Quali sono le differenze fondamentali fra l’essere artisti in Palestina e in Italia?

Essere artisti prescinde dal luogo di esecuzione. Come detto l’arte rifiuta ogni frontiera, è libertà che nasce da dentro, a prescindere da ciò che si scatena nel mondo reale.

Oltre al fortunato progetto “Cento giorni di solitudine” ci sono stati altri progetti. Ci parli di “What Angel Are You?”

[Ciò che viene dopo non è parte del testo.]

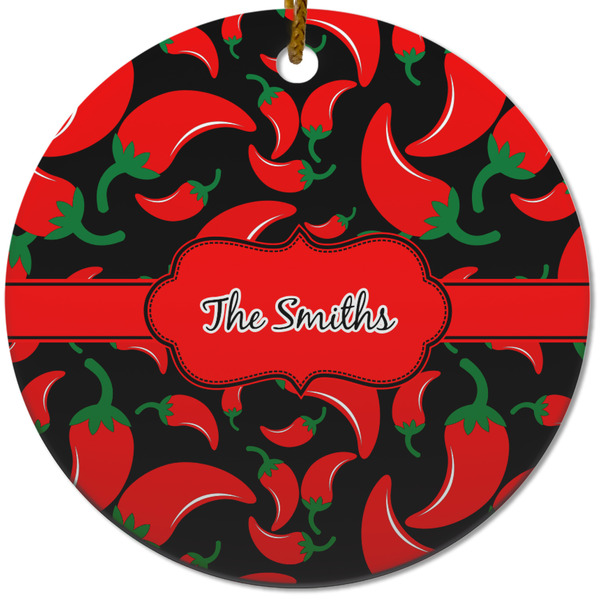 Custom Chili Peppers Round Ceramic Ornament w/ Name or Text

Il progetto delle “Oscure notti dell’anima” ha una lunga gestazione. Partendo dai miei trascorsi, trae origine dall’esperienza della perdita, la perdita dell’Eden, di una giovinezza mai vissuta, la perdita della libertà di esprimermi attraverso i miei talenti artistici ed ancor di più la perdita di un carissimo amico, mia anima gemella nella ricerca della verità. Da qui cominciano delle riflessioni profonde sul senso della vita e, come un angelo caduto e ribelle di liciniana memoria, ho incominciato un viaggio nei meandri della mia anima sconfessando le certezze di un ego oramai insufficiente a fornire risposte nel campo della conoscenza immateriale.

Una domanda di rito, quali sono i tuoi prossimi progetti?

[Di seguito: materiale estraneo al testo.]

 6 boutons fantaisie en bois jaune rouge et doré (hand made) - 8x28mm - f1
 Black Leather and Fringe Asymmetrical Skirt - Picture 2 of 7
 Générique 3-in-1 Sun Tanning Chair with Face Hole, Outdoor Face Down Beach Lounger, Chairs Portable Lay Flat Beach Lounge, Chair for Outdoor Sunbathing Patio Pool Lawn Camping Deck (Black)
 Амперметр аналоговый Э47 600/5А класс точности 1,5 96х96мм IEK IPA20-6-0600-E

Tanti, troppi per parlarne in poche righe. A titolo meramente esemplificativo, sto lavorando ad un ciclo video-fotografico sulla Rinascita.

Riferimenti e contatti
badwan.management@gmail.; robi.capponi@libero.it; manager Roberto Capponi: 347 1554961.

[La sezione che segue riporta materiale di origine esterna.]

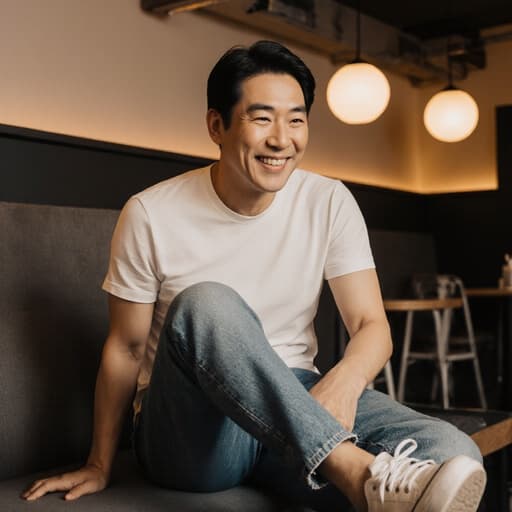 40대 아시아계 남성이 캐주얼한 티셔츠와 청바지를 입고 미소를 지으며 신발을 신으려는 자세를 취하고 있는 반신 사진. 아늑한 현대 카페 내부에서 촬영된 이미지.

Nidaa Badwan, artista palestinese nata ad Aba Dhabi nel 1987, cresciuta a Deir Al-Balah, nel sud della Striscia di Gaza, è balzata all’attenzione dell’opinione pubblica internazionale dal 2016, quando alcuni dei maggiori quotidiani europei e americani (tra i quali il New York Times e Corriere della Sera) si sono occupati delle opere da lei realizzate all’interno del progetto artistico: “Cento giorni di solitudine”. Una serie di autoritratti che l’artista ha scattato con la propria macchina fotografica dentro una piccola e colorata stanza da letto, dove la giovane si è rinchiusa volontariamente per oltre 20 mesi, a partire dal novembre del 2013, in seguito all’aggressione subita da parte di alcuni miliziani di Hamas che l’avevano fermata per strada, durante la preparazione di una mostra, contestandole il mancato uso del velo. Un esilio volontario dalla propria comunità vissuto allo scopo di denunciare la condizione di isolamento e di mancanza di libertà che caratterizzano la vita quotidiana della popolazione, in particolare di quella femminile, all’interno di un territorio fortemente militarizzato, dove l’esercizio dei propri diritti individuali diventa una sfida che si rinnova ogni giorno.
Dopo gli anni della Palestina si è trasferita nella Repubblica di San Marino, dove ha svolto anche il lavoro di docente universitaria presso l’Università del Design della Repubblica di San Marino. Ora, l’artista vive in Italia. Le sue mostre hanno girato e stanno girando il mondo: dopo la prima a Gerusalemme, numerose mostre in Italia, Danimarca, Germania, U.S.A., Spagna, Emirati Arabi
Nel 2016 è stata selezionata per il The 2016 Sovereign Middle East & North Africa Art Prize Finalists, un premio ai 30 migliori artisti del mondo arabo, Nel 2017 è stata relatrice al convegno dell’UNESCO, svoltosi a Cartagine (Tunisia). Sempre nel 2017 il Comune di Monte Grimano Terme (Pesaro-Urbino) ha concesso uno spazio nel proprio centro storico come “nuova stanza” di Nidaa. L’inaugurazione è avvenuta alla presenza di numerose autorità, tra le quali il Console di Palestina in Italia.